Rozdział I — Zegar
Zegar tykał.
Choć nikt go nie nakręcał, zawsze wskazywał 6:47, gdy otwierał oczy. Tak było i dziś. W pokoju panowała niemal kliniczna cisza, przerywana jedynie jednostajnym tykaniem. Jakby czas grał swoją własną melodię, niezależnie od tego, czy ktoś słuchał.
Światło sączyło się przez żaluzje w tym samym kącie co zawsze. Jego ramiona objął poranny chłód, znajomy jak stary płaszcz.
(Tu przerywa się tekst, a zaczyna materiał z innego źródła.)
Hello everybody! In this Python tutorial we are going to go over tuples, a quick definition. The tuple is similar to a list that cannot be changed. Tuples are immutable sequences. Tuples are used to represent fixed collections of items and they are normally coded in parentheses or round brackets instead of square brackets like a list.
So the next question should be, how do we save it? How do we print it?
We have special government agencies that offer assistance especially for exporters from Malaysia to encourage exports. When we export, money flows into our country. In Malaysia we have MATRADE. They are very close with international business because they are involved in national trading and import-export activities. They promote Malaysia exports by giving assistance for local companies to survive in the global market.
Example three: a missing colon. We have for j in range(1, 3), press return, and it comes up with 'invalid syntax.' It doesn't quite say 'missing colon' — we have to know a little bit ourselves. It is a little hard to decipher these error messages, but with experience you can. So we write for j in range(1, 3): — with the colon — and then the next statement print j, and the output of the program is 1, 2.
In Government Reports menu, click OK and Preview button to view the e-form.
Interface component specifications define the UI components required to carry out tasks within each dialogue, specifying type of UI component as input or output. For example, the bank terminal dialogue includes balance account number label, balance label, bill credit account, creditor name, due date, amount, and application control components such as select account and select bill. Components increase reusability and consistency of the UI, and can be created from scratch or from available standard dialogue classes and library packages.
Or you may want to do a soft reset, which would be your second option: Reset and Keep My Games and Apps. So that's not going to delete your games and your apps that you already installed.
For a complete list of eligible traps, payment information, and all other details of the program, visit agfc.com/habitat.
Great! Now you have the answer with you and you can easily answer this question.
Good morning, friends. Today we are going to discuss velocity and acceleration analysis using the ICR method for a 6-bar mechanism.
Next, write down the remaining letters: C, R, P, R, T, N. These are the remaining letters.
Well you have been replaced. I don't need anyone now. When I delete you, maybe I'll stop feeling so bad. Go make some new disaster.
Na ścianie wisiał ten sam obraz — akwarela z mglistym pejzażem, której nigdy nie zdjął. Nie dlatego, że mu się podobała. Raczej dlatego, że zbyt długo już tam wisiała. Stała się częścią tła, które przestaje się zauważać. Jak rutyna. Jak życie.
W łazience, para na lustrze zatańczyła chwilowy balet, zanim ukazała twarz — nie do końca rozpoznawalną. Znał ją, oczywiście. Każda linia, każde zmęczenie pod oczami były jego. Ale dziś… coś w niej było inne. Obce. Albo odwrotnie — zbyt znajome. Jak echo dawnego siebie.
Spojrzał sobie w oczy. I wtedy poczuł to ukłucie. Zimny dreszcz biegnący wzdłuż kręgosłupa. Sen.
Znowu ten sam. A jednak wymykający się, jak woda przez palce. Zostały tylko skrawki: światło… brama… głos. Zawsze ten sam głos, miękki, bez emocji, ale wypełniony czymś, co brzmiało jak tęsknota:
„Jesteś blisko. Znowu próbujesz.”
Zrobił kawę. Czynność tak automatyczna, że jego ręce wykonywały ją bez udziału świadomości. Ale nawet zapach był dziś inny. Mniej przyjemny. Może gorzki. Albo może to on był inny.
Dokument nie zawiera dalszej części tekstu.